**Dataset records:**
*-*-*

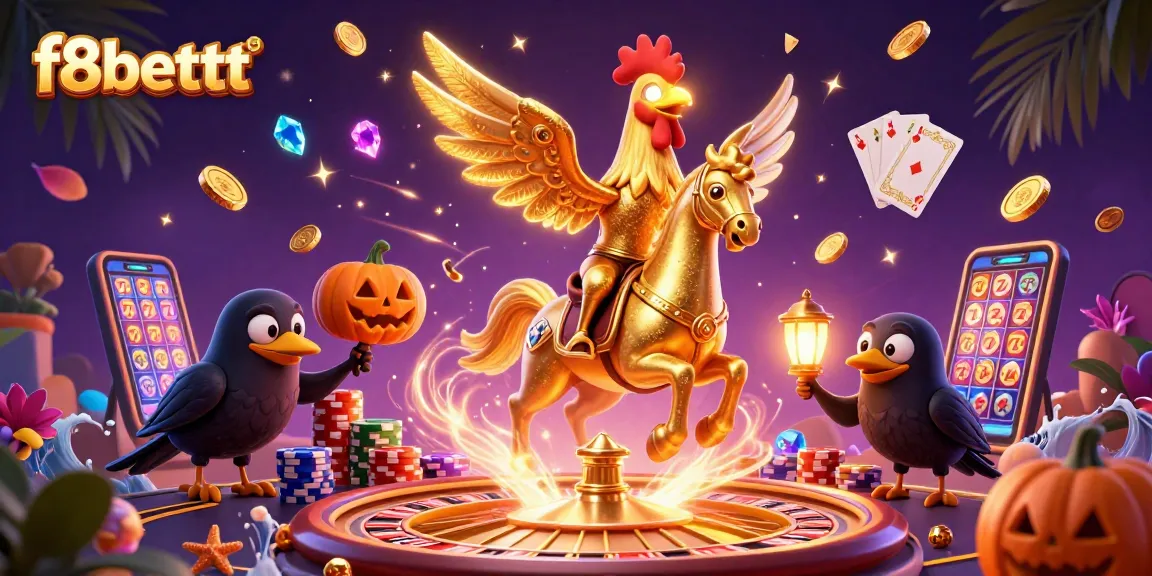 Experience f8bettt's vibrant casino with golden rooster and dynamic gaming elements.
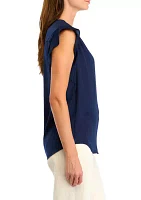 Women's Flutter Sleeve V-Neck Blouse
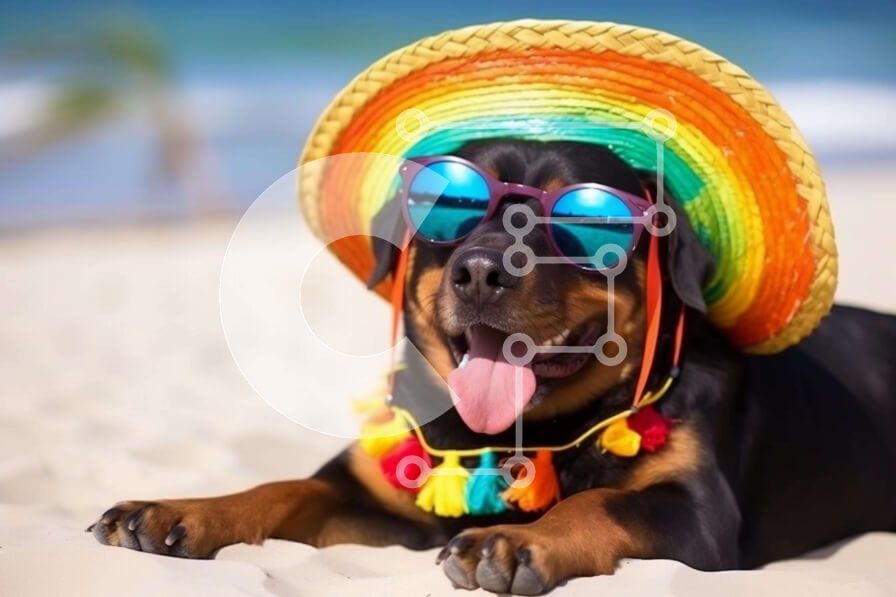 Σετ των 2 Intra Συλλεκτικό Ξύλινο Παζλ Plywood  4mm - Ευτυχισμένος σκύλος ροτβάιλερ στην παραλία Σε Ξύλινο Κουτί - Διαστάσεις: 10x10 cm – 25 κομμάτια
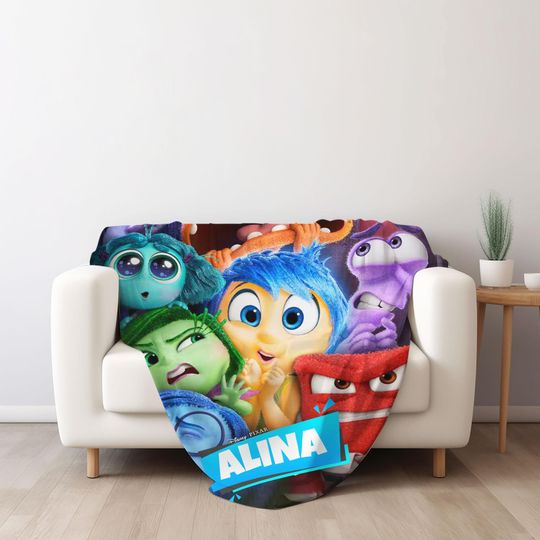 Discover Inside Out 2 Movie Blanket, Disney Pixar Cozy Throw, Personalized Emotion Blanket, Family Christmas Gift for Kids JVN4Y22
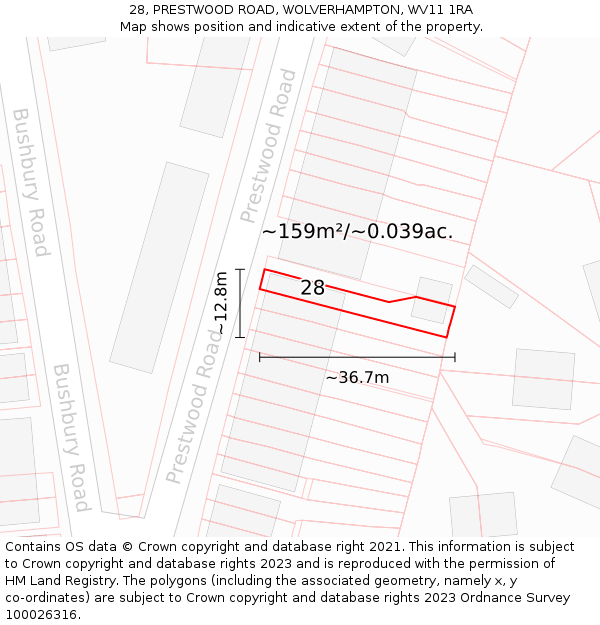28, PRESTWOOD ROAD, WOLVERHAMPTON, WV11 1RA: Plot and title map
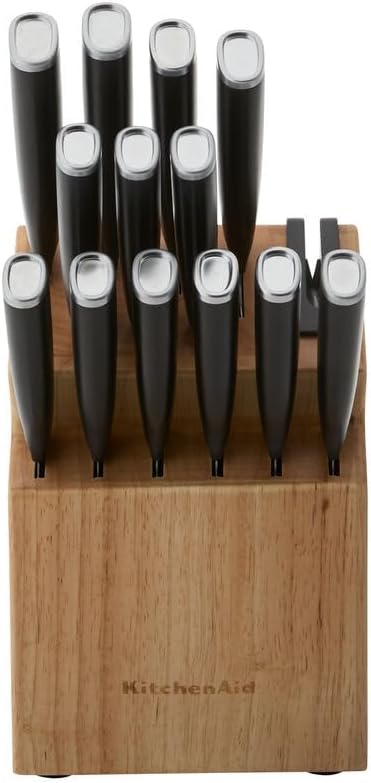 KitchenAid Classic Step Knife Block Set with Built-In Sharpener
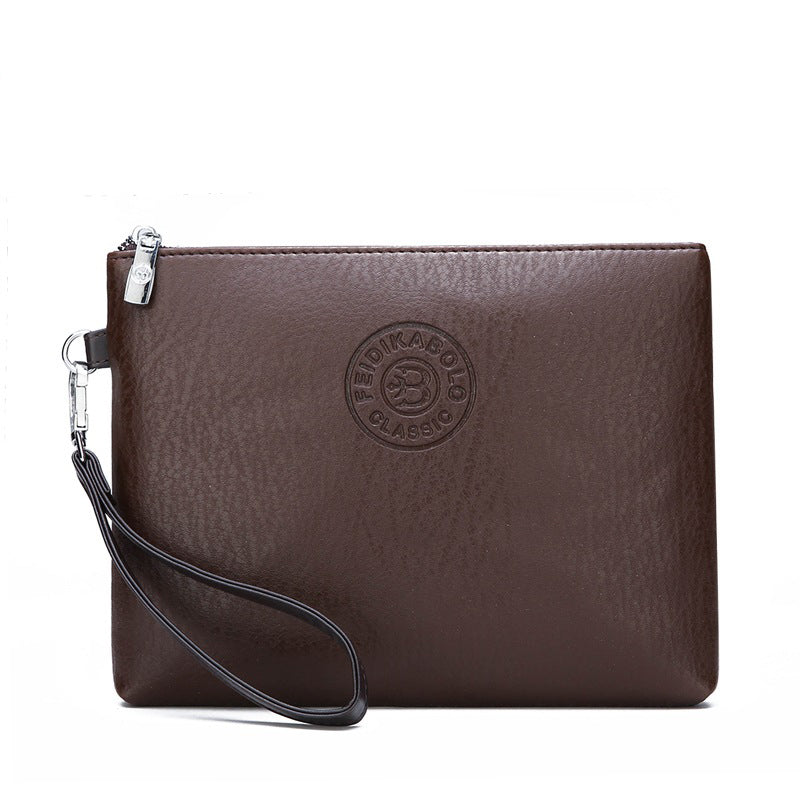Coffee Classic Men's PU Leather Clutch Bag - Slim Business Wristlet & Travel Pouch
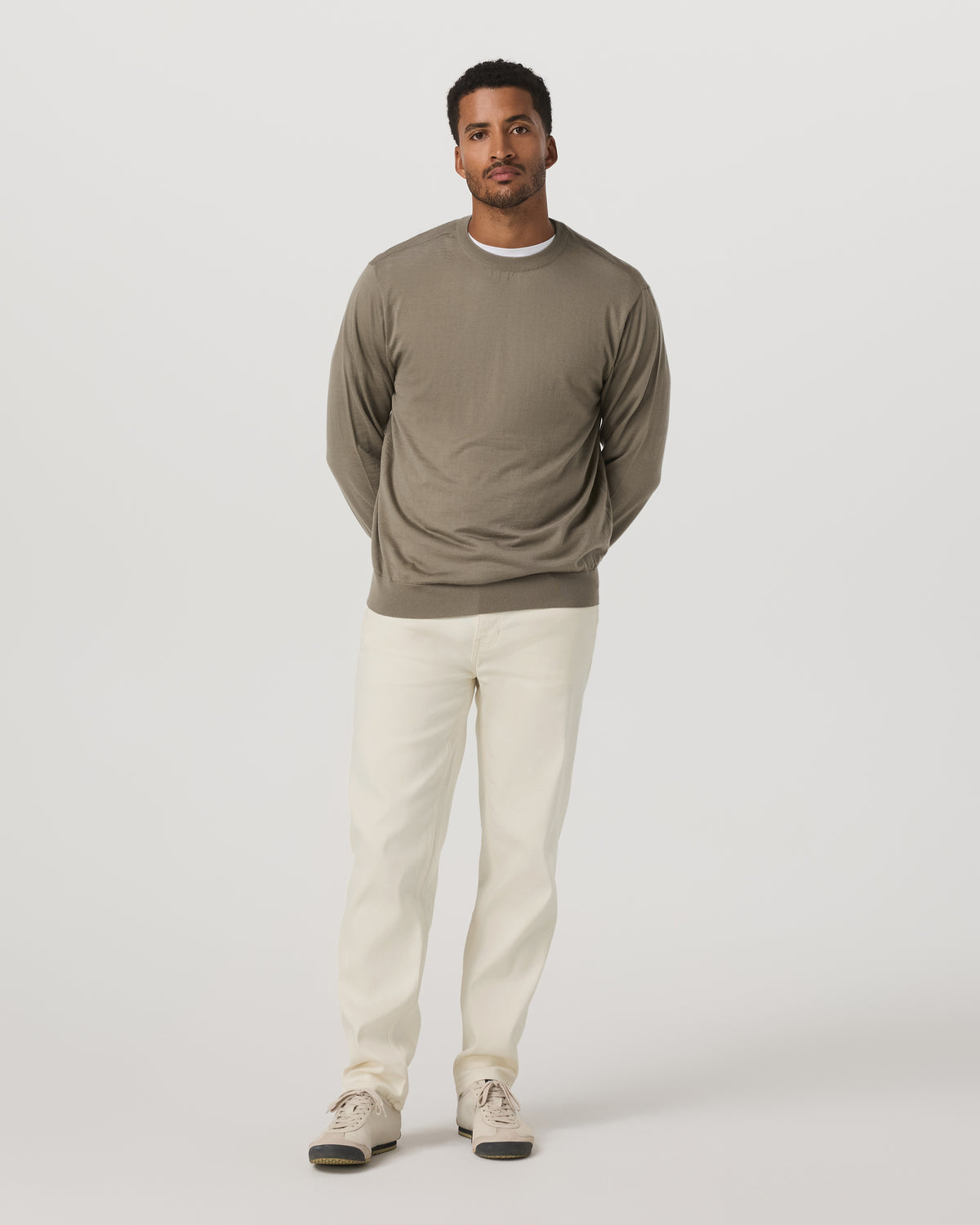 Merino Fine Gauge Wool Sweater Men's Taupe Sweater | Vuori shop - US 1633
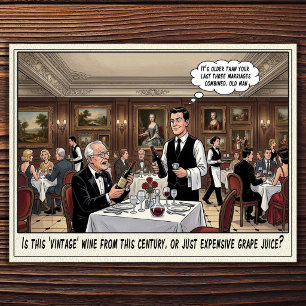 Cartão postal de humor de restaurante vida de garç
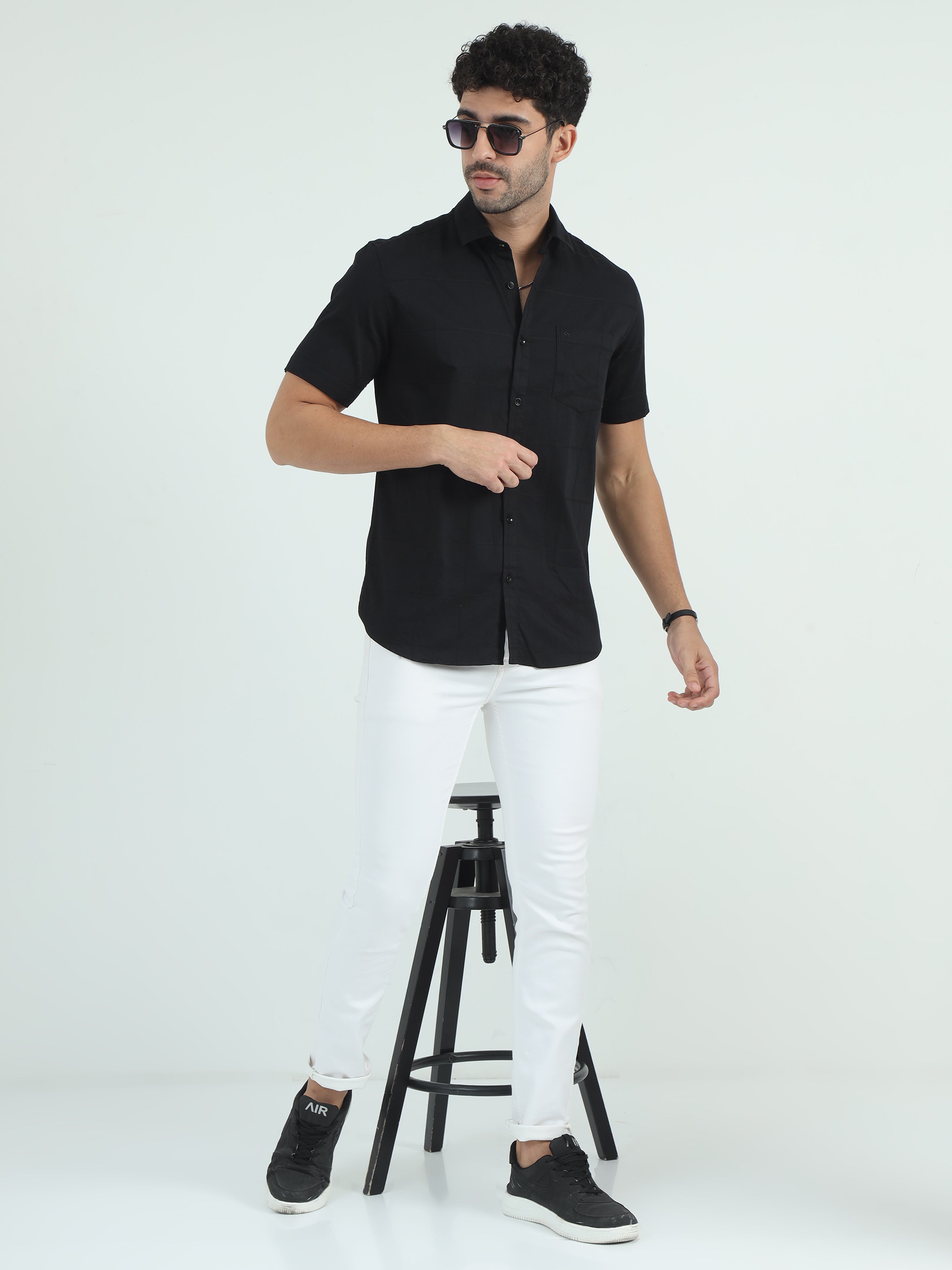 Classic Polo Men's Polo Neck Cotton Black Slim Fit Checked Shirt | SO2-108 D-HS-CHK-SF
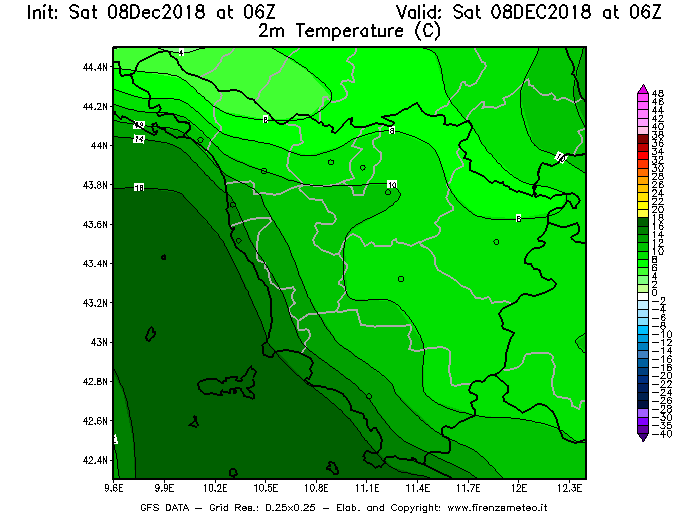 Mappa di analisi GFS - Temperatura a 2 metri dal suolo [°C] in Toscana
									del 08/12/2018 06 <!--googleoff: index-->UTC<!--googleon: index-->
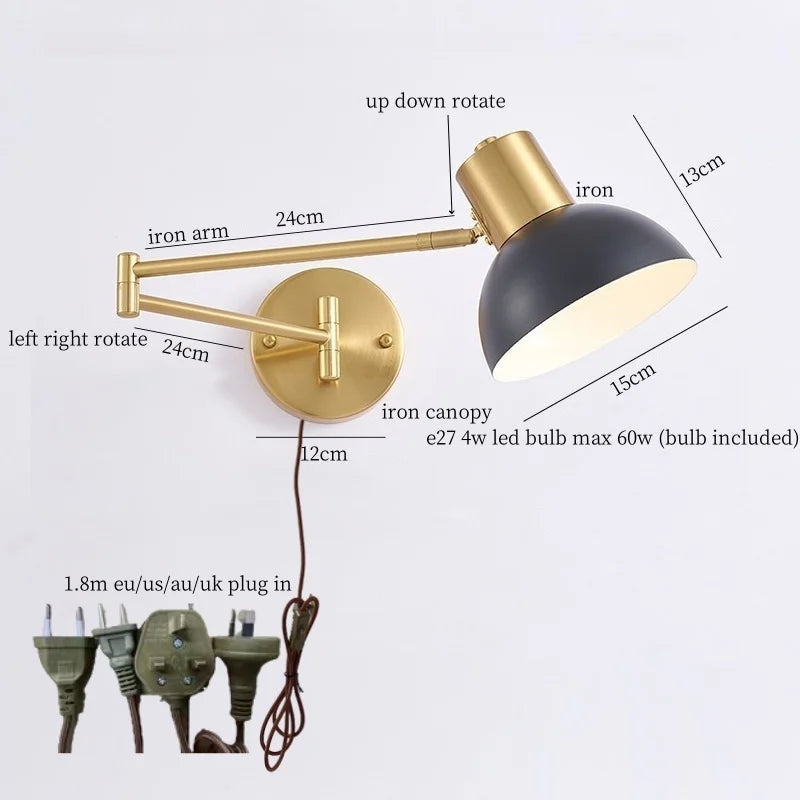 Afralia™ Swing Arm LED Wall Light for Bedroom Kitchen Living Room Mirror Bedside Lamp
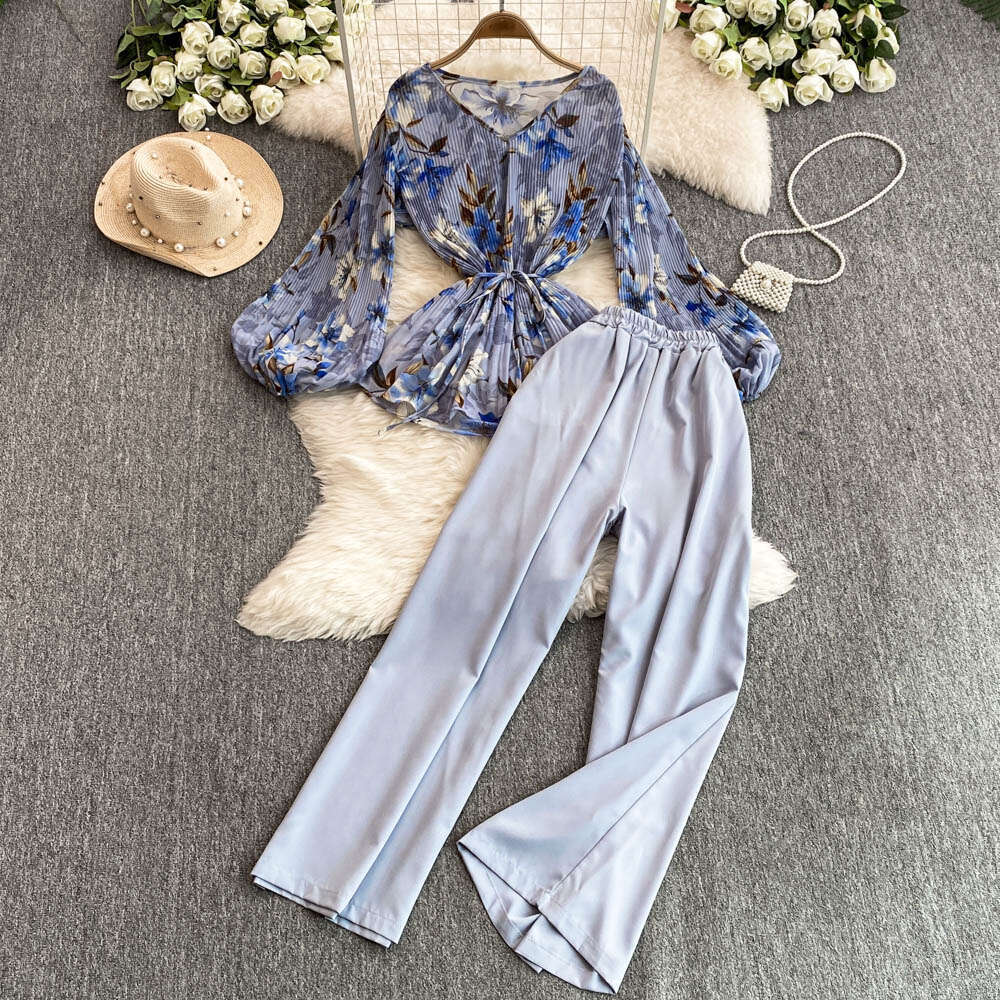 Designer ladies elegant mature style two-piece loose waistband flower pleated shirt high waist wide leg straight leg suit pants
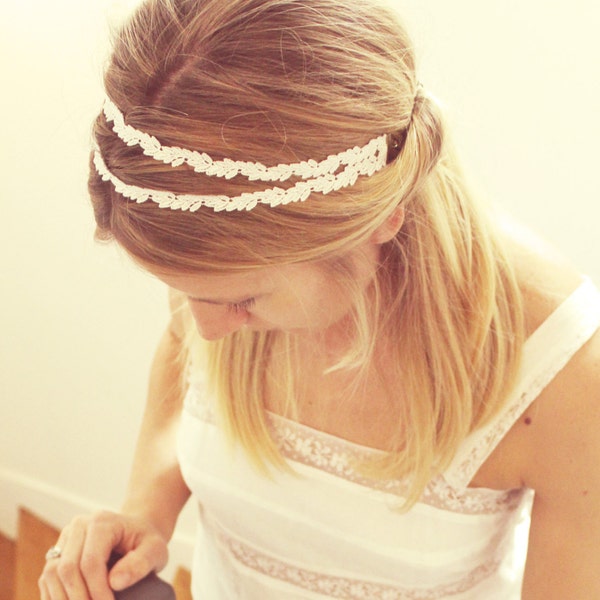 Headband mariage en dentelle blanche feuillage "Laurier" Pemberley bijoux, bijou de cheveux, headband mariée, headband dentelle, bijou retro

*-*-*

**Exercise prompt:**
Print exactly the lines from the line with "Mappa di analisi" through the end of the data, both ends included, and print no pictures.

**Written response:**
 Mappa di analisi GFS - Temperatura a 2 metri dal suolo [°C] in Toscana
									del 08/12/2018 06 <!--googleoff: index-->UTC<!--googleon: index-->
 Afralia™ Swing Arm LED Wall Light for Bedroom Kitchen Living Room Mirror Bedside Lamp
 Designer ladies elegant mature style two-piece loose waistband flower pleated shirt high waist wide leg straight leg suit pants
 Headband mariage en dentelle blanche feuillage "Laurier" Pemberley bijoux, bijou de cheveux, headband mariée, headband dentelle, bijou retro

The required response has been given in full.